→ **DIRECTIONS**:
The lines running from the one that contains "Jack Daniel's Cookbook: Stories" to the end of the records below are what to reproduce, exactly and without pictures.

[Web page caption snippets]
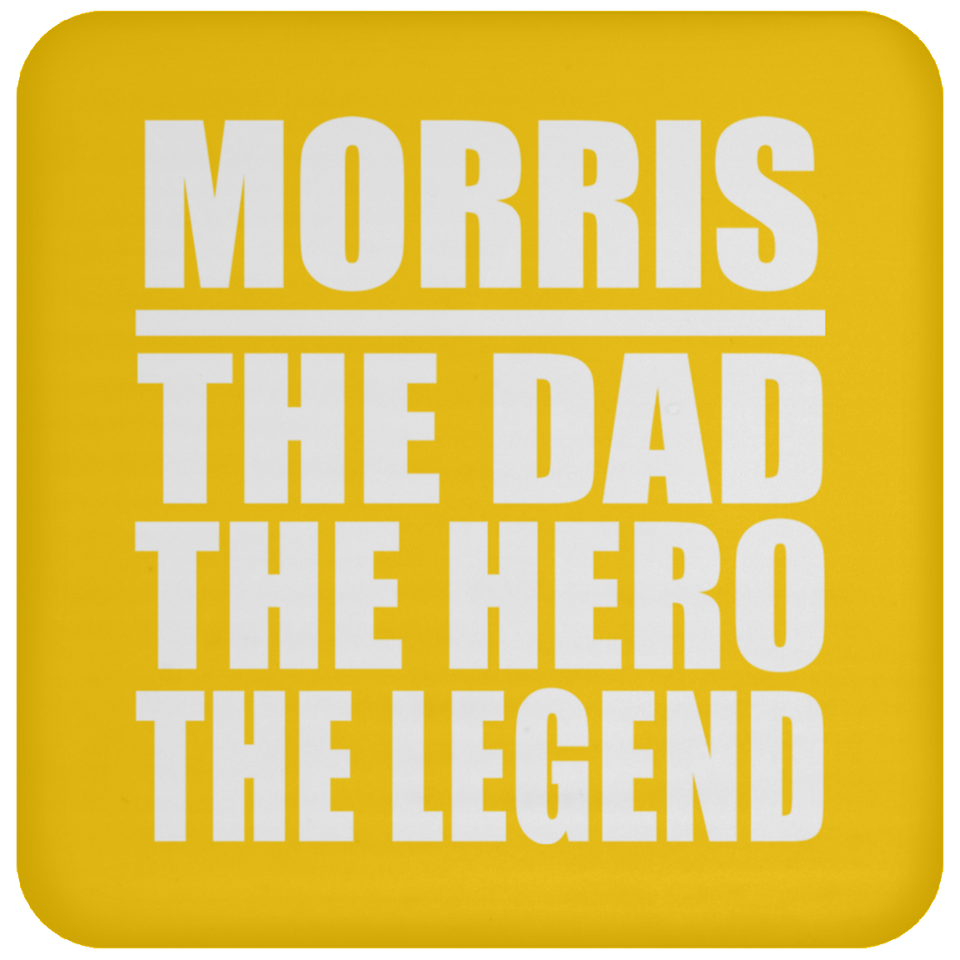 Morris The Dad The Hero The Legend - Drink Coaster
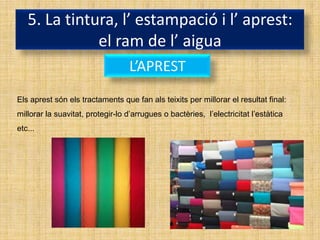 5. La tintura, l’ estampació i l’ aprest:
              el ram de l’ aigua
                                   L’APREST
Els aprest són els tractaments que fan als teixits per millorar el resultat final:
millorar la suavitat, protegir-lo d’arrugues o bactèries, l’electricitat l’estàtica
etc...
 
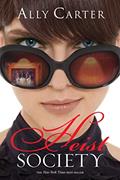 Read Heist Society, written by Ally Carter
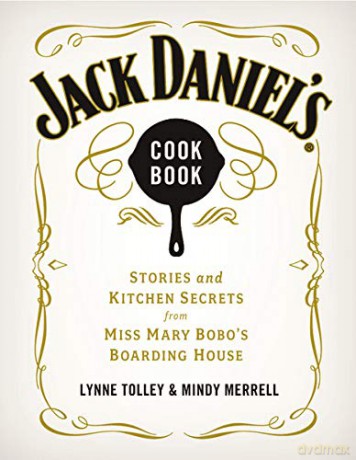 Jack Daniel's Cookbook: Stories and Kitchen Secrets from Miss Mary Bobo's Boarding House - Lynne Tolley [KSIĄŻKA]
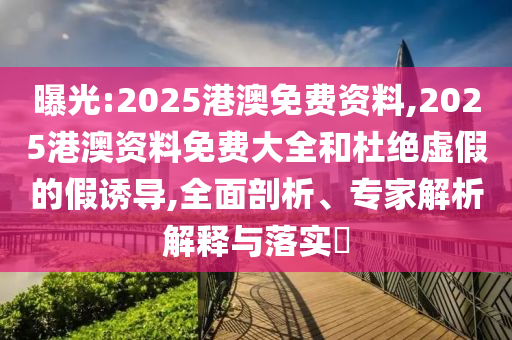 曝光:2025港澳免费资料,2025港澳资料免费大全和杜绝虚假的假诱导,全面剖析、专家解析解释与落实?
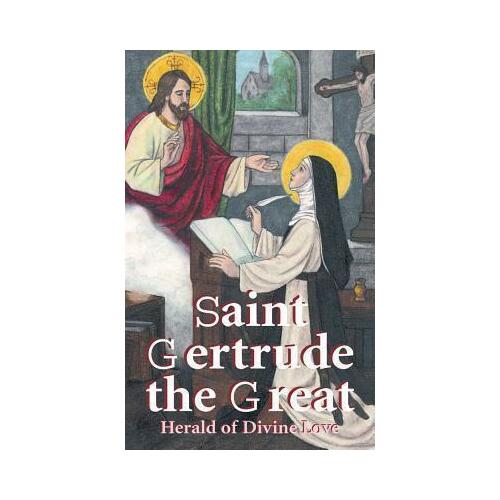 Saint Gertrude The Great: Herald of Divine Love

→ **SOLUTION TO THIS TASK**:
 Jack Daniel's Cookbook: Stories and Kitchen Secrets from Miss Mary Bobo's Boarding House - Lynne Tolley [KSIĄŻKA]
 曝光:2025港澳免费资料,2025港澳资料免费大全和杜绝虚假的假诱导,全面剖析、专家解析解释与落实?
 Saint Gertrude The Great: Herald of Divine Love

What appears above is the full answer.